The week we created an Isarithmic map depicting average annual rainfall for the State of Washington. We used data created from PRISM Climate data. PRISM is a climate model using weather station data over a 30 year period, applied with digital elevation model (DEM). Perception usually increases with elevation and PRISM analyses the regression of the climate data for each grid within a DEM. In other words it compares surrounding weather station data records and how they relate to each other, along with elevation data. The outcome produces a climate weather model referencing the comparison between weather and topographic features. As you can see in my map below, the higher rain fall amounts are found at higher elevation or mountainous regions. The contours on the map are not topographic contours but range differences in the amount of precipitation. The range difference is however directly related to elevation.

We used a file geodatabase downloaded from the USDA Geospatial Gateway. The PRISM data was originally created from the PRISM Climate Group but the USDA built the geodatabase using PRISM data along with other layers related to climate data. We used the average annual rain fall layer which spans yearly averages over a 30-year period.
We used Arcmap to analyze two different methods of displaying Isarithmic maps for displaying smooth continuous data. The two methods are; Continuous Tone and Hypsometric Tinting. We used the PRISM data to visually see the difference in these two methods.
Continuous tone symbology uses color tone proportional to the value of the surface at each point.
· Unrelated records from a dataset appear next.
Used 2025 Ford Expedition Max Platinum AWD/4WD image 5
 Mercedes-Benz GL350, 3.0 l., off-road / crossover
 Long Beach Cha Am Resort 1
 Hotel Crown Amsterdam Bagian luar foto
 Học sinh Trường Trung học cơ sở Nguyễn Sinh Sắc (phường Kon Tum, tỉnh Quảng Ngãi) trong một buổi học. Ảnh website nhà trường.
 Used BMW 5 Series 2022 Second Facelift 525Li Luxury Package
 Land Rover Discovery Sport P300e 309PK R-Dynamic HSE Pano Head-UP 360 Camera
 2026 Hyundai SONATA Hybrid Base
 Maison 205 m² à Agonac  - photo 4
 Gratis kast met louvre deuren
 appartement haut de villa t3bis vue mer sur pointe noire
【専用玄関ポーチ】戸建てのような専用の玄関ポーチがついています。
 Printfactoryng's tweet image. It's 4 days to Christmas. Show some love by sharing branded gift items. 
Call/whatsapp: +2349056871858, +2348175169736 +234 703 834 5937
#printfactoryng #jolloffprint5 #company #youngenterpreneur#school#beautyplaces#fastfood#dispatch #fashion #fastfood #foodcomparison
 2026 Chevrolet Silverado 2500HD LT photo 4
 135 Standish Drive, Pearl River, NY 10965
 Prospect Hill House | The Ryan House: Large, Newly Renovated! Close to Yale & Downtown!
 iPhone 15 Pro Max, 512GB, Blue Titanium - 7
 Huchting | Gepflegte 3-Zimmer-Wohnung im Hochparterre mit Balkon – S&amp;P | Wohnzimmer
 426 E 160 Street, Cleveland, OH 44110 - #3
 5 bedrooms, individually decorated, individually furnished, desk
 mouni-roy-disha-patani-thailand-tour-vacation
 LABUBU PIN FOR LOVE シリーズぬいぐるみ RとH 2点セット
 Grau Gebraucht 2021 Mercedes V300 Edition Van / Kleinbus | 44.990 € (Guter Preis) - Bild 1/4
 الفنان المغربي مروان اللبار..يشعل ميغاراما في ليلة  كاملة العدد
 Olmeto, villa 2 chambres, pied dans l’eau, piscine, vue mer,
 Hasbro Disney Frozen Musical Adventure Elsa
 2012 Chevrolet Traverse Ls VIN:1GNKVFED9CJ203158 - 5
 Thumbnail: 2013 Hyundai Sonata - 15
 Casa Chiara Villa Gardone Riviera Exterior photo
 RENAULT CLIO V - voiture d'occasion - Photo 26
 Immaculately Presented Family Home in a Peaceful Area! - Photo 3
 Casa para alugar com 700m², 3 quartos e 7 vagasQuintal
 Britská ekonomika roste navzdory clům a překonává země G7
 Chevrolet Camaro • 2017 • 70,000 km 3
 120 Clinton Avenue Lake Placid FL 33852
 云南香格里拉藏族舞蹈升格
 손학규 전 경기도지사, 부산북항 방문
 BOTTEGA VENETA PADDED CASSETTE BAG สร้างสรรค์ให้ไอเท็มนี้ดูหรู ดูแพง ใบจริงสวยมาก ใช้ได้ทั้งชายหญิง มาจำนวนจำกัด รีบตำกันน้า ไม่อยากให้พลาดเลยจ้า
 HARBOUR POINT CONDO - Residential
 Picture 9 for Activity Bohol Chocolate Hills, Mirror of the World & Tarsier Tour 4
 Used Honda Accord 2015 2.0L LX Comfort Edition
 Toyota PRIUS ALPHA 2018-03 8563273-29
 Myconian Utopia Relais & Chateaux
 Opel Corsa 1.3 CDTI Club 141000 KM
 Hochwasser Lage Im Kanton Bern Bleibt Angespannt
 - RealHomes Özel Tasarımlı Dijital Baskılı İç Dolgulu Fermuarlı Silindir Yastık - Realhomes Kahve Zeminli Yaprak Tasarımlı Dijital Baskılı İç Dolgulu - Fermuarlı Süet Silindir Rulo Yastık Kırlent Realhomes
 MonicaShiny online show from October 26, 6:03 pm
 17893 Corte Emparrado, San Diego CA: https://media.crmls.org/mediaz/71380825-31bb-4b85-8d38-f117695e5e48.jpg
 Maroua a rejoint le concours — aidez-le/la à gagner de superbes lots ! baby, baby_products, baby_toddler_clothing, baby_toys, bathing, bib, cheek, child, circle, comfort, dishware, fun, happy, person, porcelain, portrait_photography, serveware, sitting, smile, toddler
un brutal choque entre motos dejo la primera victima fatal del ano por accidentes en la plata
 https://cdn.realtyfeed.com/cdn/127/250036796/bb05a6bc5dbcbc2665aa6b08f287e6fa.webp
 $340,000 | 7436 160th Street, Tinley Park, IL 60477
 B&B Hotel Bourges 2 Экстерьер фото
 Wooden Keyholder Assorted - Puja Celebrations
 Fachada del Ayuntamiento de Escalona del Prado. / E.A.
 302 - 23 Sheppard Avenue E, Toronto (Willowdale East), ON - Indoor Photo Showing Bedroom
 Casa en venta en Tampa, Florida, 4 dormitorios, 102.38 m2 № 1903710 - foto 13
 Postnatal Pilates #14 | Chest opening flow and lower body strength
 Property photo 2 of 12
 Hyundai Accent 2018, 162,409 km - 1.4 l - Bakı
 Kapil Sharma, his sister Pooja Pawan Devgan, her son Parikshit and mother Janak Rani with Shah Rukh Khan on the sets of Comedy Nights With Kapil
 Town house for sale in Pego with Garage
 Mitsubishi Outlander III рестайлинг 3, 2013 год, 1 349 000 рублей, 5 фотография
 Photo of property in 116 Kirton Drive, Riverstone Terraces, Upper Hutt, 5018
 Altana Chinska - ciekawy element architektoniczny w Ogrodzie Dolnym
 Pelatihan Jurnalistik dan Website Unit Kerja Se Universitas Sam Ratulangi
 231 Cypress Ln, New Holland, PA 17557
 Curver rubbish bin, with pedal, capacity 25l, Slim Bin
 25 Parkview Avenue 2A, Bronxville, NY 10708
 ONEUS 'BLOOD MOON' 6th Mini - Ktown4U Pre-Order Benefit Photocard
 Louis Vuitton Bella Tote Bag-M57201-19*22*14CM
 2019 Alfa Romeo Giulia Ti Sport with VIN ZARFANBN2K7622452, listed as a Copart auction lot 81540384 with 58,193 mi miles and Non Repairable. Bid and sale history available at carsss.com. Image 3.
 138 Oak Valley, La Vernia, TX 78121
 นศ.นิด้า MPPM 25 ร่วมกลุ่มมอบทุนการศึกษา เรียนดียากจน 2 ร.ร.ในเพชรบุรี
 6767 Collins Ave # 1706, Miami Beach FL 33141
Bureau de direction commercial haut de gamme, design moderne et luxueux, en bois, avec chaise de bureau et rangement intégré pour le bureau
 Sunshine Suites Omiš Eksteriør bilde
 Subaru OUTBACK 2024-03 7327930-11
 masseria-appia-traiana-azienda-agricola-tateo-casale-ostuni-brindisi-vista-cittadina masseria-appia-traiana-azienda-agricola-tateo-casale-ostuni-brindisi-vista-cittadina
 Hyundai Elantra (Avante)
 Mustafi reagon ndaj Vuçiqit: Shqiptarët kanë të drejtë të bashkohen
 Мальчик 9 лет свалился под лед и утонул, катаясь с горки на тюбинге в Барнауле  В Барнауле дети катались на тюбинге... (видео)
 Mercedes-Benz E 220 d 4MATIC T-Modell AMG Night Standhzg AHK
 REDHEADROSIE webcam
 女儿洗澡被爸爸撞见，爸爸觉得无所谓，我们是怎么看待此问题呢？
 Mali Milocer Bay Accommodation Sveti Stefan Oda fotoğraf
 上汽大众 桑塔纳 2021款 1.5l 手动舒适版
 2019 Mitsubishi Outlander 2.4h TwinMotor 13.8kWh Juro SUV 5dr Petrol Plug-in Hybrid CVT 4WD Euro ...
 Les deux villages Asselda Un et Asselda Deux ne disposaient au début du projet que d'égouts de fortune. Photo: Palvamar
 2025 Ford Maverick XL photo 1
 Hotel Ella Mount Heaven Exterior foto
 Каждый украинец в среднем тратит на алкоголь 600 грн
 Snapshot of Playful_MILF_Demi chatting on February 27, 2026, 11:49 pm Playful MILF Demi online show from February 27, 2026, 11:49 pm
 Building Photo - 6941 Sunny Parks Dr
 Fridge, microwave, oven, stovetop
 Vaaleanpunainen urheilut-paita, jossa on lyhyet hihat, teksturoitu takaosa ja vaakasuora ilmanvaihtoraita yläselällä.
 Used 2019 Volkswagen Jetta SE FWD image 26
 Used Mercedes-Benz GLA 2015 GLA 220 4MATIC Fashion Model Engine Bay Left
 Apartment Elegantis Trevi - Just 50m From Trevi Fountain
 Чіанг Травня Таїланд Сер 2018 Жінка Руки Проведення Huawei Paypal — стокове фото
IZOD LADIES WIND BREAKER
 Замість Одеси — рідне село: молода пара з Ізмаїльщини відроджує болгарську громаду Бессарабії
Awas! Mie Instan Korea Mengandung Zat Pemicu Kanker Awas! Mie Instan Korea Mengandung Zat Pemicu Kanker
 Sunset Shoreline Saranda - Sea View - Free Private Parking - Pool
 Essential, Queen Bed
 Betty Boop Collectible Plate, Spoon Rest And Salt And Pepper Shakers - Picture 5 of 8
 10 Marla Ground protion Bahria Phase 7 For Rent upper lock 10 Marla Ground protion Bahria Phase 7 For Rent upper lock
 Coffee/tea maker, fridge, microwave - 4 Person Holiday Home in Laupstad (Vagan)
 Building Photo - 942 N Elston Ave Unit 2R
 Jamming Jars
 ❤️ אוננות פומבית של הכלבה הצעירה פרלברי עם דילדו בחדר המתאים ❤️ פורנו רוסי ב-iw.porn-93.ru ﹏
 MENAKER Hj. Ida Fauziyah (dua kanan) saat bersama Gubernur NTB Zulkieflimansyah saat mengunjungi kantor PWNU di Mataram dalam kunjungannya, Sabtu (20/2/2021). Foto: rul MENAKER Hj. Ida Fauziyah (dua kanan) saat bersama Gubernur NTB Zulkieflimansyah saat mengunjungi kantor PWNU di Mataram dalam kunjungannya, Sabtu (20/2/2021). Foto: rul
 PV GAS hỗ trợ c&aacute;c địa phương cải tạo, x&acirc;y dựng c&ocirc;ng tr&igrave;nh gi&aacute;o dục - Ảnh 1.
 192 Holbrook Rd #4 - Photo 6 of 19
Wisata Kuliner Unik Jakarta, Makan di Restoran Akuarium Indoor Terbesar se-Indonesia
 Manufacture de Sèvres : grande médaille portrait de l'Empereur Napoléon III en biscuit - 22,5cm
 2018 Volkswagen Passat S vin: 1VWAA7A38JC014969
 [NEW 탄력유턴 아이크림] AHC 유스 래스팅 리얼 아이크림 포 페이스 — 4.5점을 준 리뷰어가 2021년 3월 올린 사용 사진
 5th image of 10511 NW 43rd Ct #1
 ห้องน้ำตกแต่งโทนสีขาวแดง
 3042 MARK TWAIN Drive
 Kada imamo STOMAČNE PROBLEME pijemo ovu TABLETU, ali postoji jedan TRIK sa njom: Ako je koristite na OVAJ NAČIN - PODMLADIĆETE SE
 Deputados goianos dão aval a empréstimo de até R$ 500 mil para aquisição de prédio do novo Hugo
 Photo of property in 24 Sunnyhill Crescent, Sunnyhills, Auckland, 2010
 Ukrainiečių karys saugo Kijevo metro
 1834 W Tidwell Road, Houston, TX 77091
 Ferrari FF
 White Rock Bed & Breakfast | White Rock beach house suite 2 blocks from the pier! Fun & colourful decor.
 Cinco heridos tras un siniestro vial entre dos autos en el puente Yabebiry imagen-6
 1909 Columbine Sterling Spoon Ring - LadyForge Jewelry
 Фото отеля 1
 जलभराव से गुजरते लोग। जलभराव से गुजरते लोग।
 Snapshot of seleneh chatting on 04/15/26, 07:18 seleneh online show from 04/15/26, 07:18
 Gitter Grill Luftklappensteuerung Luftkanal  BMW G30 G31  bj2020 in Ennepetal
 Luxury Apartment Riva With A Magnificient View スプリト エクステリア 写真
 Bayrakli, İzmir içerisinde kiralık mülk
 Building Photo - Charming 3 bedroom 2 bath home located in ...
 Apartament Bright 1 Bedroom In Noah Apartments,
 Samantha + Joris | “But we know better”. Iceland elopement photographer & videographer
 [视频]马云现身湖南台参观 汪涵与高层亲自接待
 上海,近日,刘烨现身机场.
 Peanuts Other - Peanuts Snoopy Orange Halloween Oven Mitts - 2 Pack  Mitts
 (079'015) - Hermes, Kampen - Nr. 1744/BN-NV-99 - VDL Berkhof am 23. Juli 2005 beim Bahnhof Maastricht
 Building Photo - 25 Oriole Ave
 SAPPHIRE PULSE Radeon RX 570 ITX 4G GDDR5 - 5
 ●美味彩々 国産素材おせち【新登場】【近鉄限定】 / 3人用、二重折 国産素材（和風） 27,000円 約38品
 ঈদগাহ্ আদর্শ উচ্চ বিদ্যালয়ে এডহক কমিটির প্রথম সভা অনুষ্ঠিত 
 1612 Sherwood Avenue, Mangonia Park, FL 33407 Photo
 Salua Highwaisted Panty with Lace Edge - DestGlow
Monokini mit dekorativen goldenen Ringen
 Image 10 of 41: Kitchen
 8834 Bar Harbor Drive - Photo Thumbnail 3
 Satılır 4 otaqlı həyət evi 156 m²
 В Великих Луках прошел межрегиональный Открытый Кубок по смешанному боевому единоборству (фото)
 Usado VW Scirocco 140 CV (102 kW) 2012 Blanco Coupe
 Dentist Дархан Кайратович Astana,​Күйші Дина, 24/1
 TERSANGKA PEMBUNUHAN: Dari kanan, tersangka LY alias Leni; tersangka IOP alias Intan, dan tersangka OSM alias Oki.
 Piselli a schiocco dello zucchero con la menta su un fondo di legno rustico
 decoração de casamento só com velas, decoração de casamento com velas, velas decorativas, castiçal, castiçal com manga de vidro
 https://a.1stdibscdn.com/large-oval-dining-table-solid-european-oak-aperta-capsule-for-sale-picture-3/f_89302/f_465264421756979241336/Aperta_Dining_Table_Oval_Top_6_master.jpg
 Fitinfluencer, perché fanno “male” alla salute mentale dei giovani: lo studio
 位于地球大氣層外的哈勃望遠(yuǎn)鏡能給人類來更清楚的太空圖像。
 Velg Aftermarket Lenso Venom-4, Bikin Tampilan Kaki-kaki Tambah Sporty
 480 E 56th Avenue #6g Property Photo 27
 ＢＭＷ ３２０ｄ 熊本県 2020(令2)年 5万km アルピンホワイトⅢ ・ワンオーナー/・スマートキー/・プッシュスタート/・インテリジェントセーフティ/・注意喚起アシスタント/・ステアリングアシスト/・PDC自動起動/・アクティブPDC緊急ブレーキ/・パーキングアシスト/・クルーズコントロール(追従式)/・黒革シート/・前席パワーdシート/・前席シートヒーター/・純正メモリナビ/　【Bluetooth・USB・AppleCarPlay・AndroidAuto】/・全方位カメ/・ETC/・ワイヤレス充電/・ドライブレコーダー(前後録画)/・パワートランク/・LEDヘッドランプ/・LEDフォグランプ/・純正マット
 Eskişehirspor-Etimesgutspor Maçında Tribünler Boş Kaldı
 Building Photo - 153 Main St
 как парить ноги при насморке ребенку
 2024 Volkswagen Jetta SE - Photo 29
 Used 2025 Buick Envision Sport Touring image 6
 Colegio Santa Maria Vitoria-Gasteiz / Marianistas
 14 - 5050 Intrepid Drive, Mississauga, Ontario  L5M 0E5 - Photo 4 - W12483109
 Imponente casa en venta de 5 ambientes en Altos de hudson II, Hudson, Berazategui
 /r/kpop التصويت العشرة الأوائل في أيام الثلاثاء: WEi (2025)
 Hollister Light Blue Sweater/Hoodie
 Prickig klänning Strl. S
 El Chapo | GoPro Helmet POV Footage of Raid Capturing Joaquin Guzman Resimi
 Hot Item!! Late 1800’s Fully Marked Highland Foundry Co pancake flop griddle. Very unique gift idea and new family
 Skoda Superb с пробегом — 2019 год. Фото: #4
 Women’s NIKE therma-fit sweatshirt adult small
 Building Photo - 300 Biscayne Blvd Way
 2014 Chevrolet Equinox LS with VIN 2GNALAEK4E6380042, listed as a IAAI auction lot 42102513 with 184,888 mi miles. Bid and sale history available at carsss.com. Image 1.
I used the Precipitation color scheme to show values of warm lighter colors of low rainfall amounts and cool darker colors for higher rainfall amounts.

Hypsometric tinting visually enhances a 3-D surface by using light and dark tints for low and high values. I took the tint a step further and used a range of color schemes, rather than a single color scheme. Using a range of colors allows you to visually understand the order of colors in relation to the values, as each range value corresponds to a unique color. We manually boke our data into 10 classes by manually defining the classes. This allows the data to be smooth and continuous, necessary for hypsometric tinting.

For the final map we used hypsometric tints along with hillside effect and contours, as seen in my map above.  Using contours allows for better visualization for the breaks of ranges in the data. Hillside effect gives a 3D shadow effect with the sun’s relative position taken into account.
Having traveled through the state of Washington, you notice many areas of agriculture in the central and eastern regions. What is interesting about the actual precipitation data, is that the fertile farming regions of the state appear to have the lowest rainfall amounts. With room to grow many types of agriculture, good soil and sun, all you need is water. So it’s interesting to see low rainfall amounts for agricultural regions and the human capacity to bring water to areas that normally would not sustain agriculture.